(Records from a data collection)
***

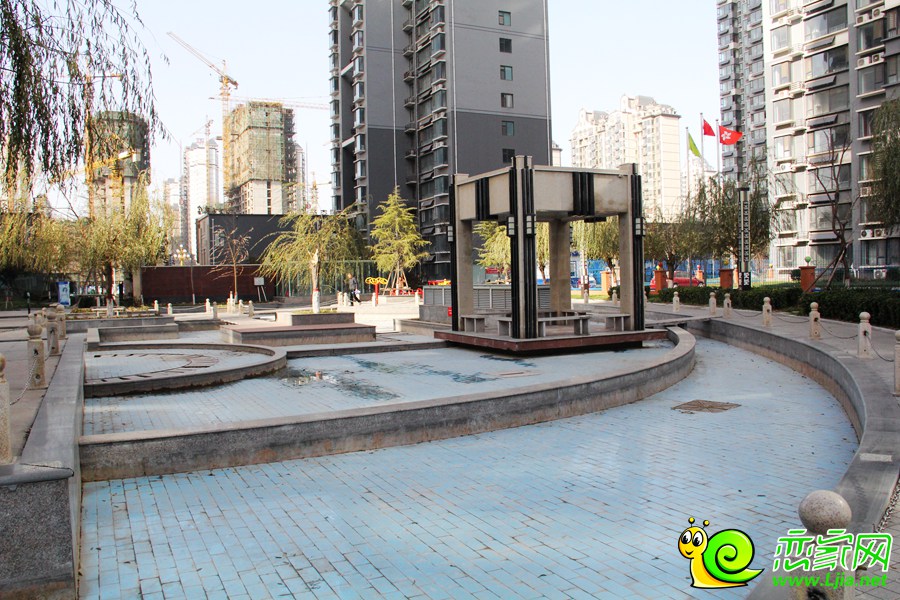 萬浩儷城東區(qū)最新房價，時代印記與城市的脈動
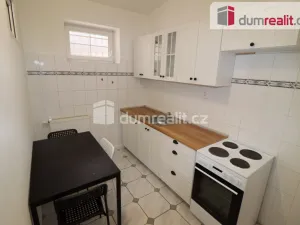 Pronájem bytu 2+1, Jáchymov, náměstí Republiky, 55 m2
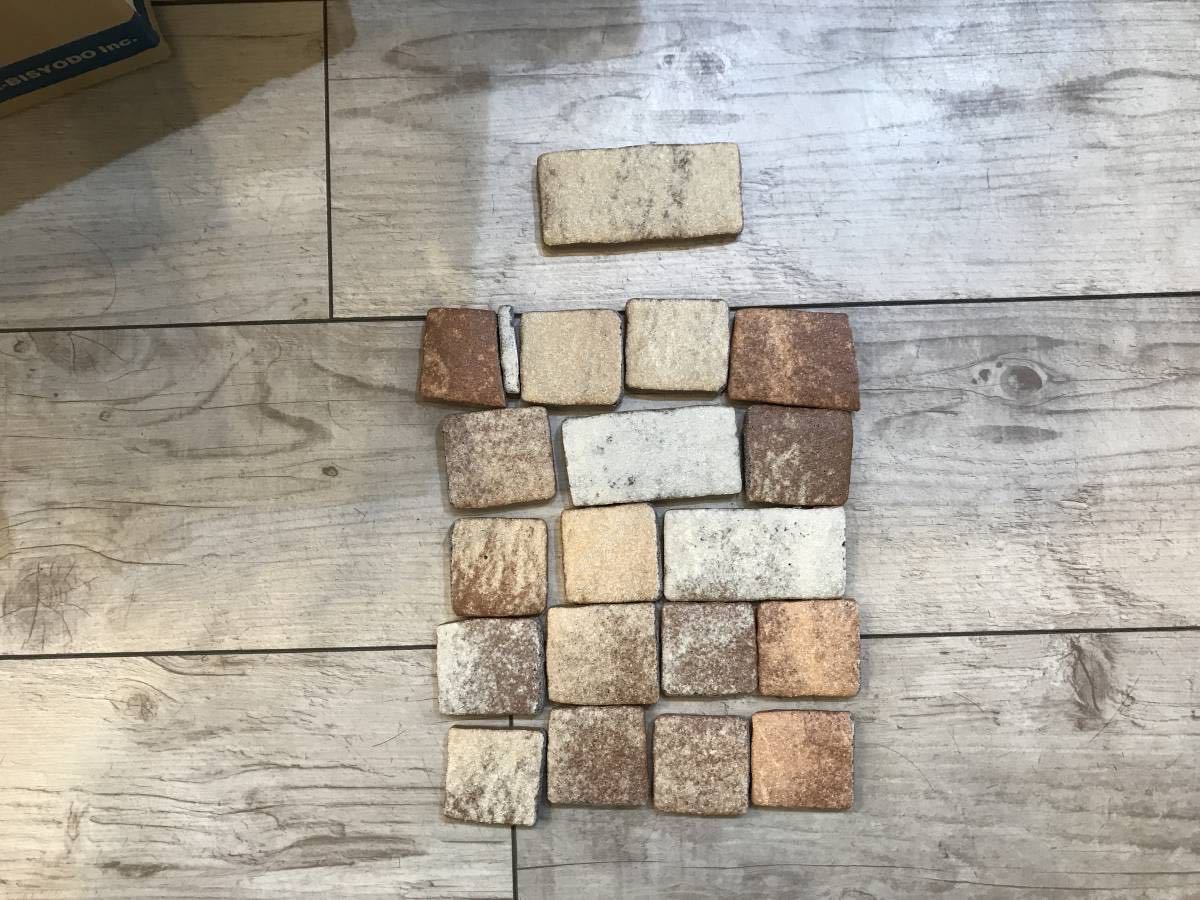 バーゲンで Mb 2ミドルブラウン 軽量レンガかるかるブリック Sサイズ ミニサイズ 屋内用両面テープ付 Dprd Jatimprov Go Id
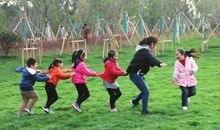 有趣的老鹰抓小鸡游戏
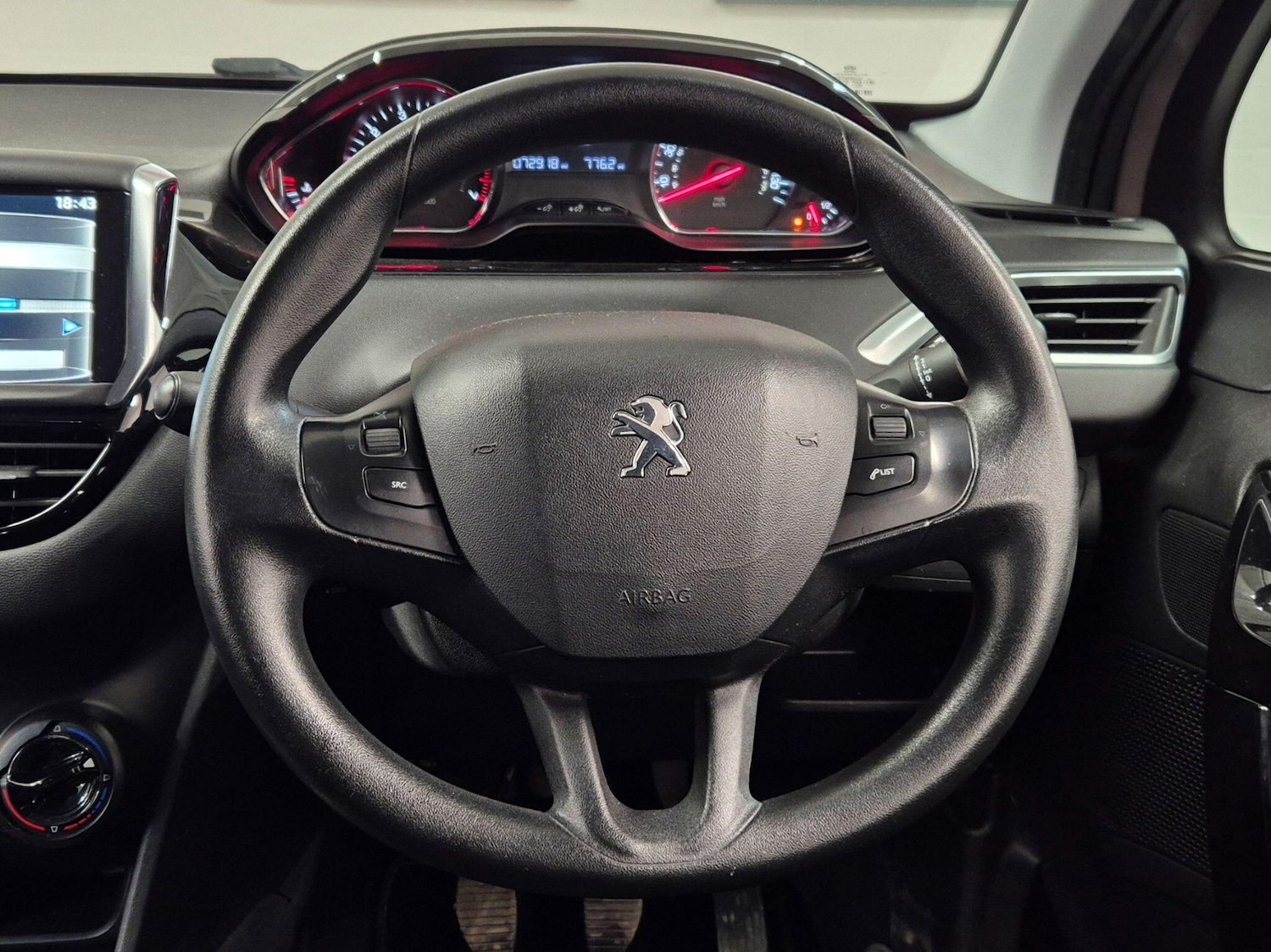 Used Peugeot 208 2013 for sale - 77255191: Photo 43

***

Exclude all images and retype the data precisely.

- [EXERCISE RESPONSE]
 萬浩儷城東區(qū)最新房價，時代印記與城市的脈動
 Pronájem bytu 2+1, Jáchymov, náměstí Republiky, 55 m2
 バーゲンで Mb 2ミドルブラウン 軽量レンガかるかるブリック Sサイズ ミニサイズ 屋内用両面テープ付 Dprd Jatimprov Go Id
 有趣的老鹰抓小鸡游戏
 Used Peugeot 208 2013 for sale - 77255191: Photo 43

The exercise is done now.